# [Task description]
A word-for-word reproduction of the data below is needed, with no pictures in it.
Input for this task section start
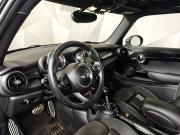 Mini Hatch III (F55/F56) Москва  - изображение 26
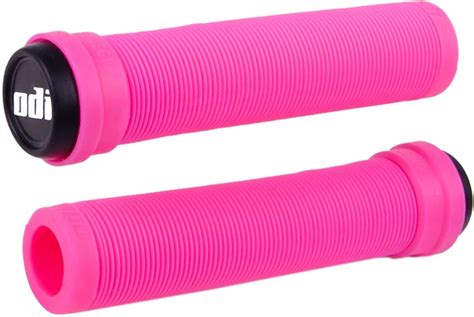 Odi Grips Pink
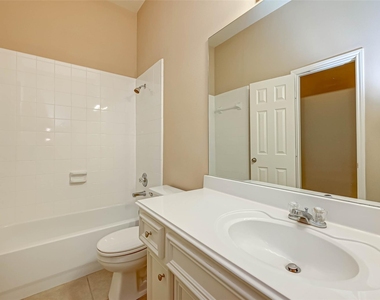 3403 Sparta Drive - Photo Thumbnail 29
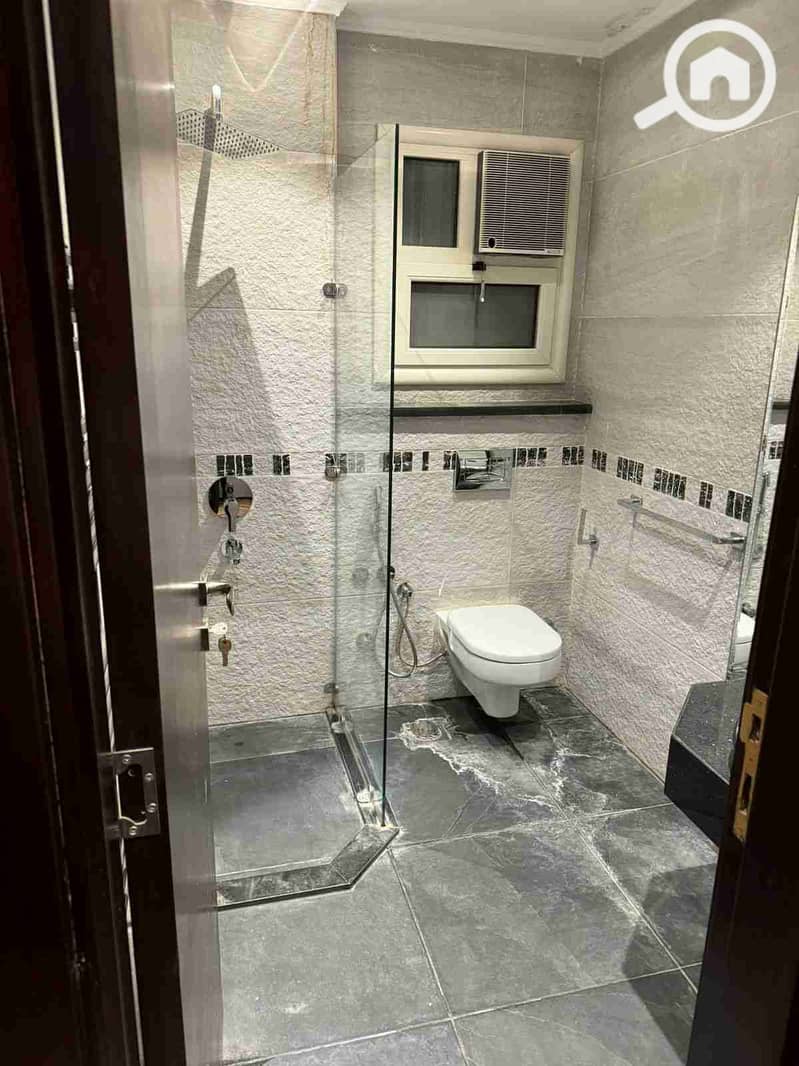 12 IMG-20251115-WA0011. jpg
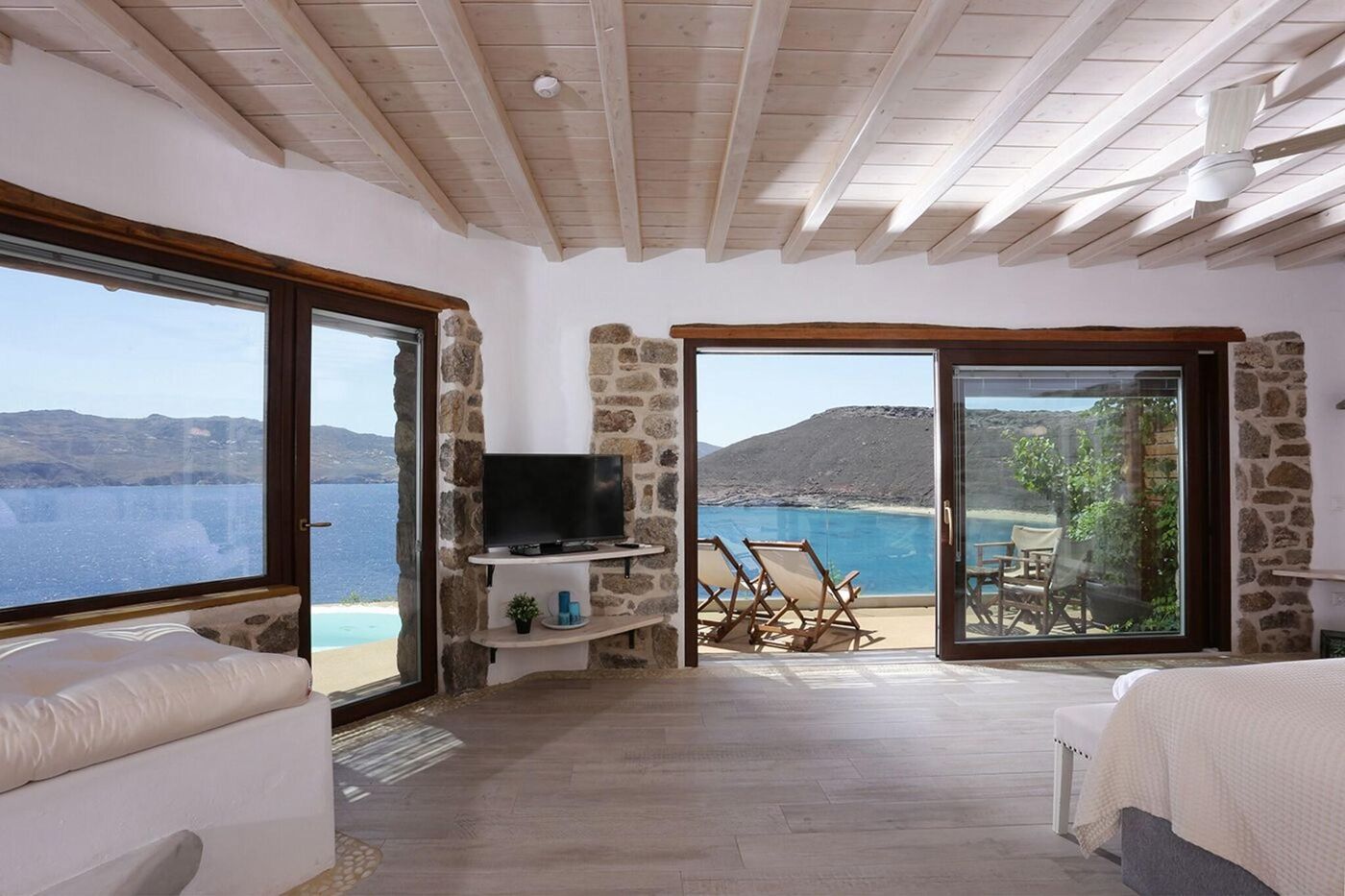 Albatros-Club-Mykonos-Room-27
Input for this task section end
# [Answer below]
 Mini Hatch III (F55/F56) Москва  - изображение 26
 Odi Grips Pink
 3403 Sparta Drive - Photo Thumbnail 29
 12 IMG-20251115-WA0011. jpg
 Albatros-Club-Mykonos-Room-27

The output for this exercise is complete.